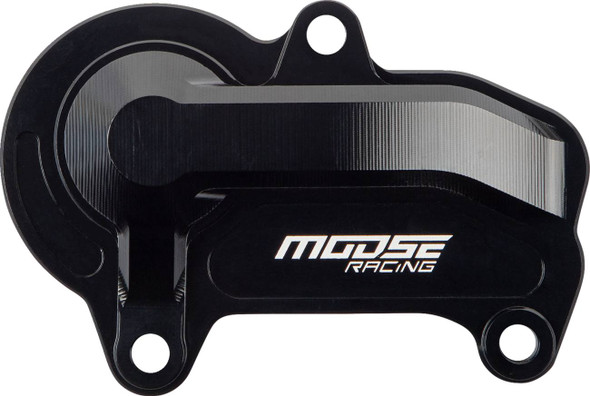 Moose Offroad -  - Water Pump Cover - Black - Gas Gas/Husqvarna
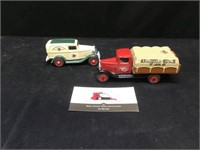 ERTL Busch Toys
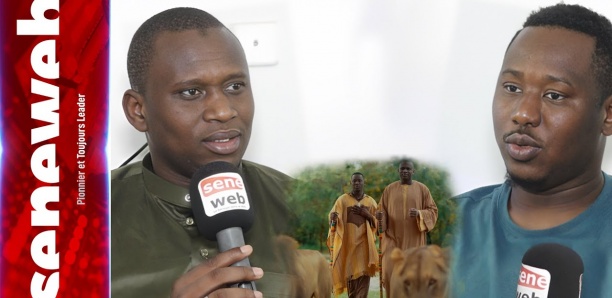 [Exclusif] Jah Man et Ahmada se prononcent après la sortie de "ndiokonial Bamba"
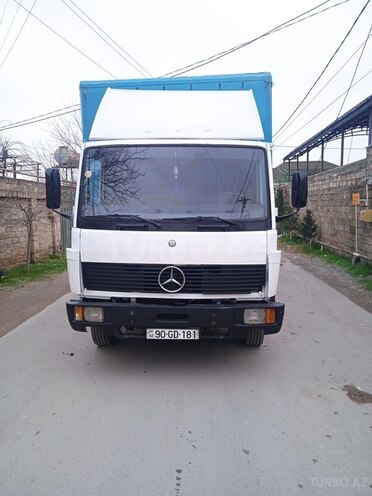 Mercedes  1995, 100,000 km - 4.3 l - Bakı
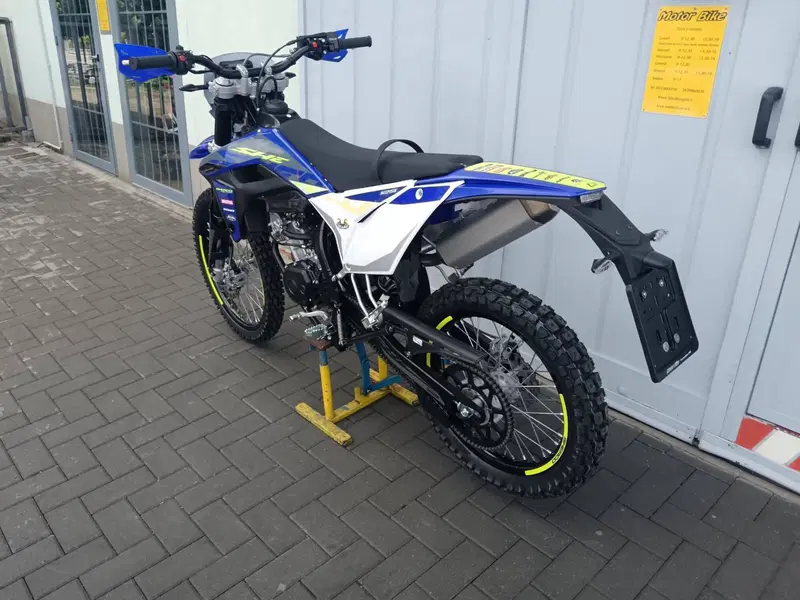 Sherco 125 4T SE-RS Factory (2023 - 26) (4)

Activity
Leave the pictures out and return the rest of the listing exactly.

Expected answer
 Moose Offroad -  - Water Pump Cover - Black - Gas Gas/Husqvarna
 ERTL Busch Toys
 [Exclusif] Jah Man et Ahmada se prononcent après la sortie de "ndiokonial Bamba"
 Mercedes  1995, 100,000 km - 4.3 l - Bakı
 Sherco 125 4T SE-RS Factory (2023 - 26) (4)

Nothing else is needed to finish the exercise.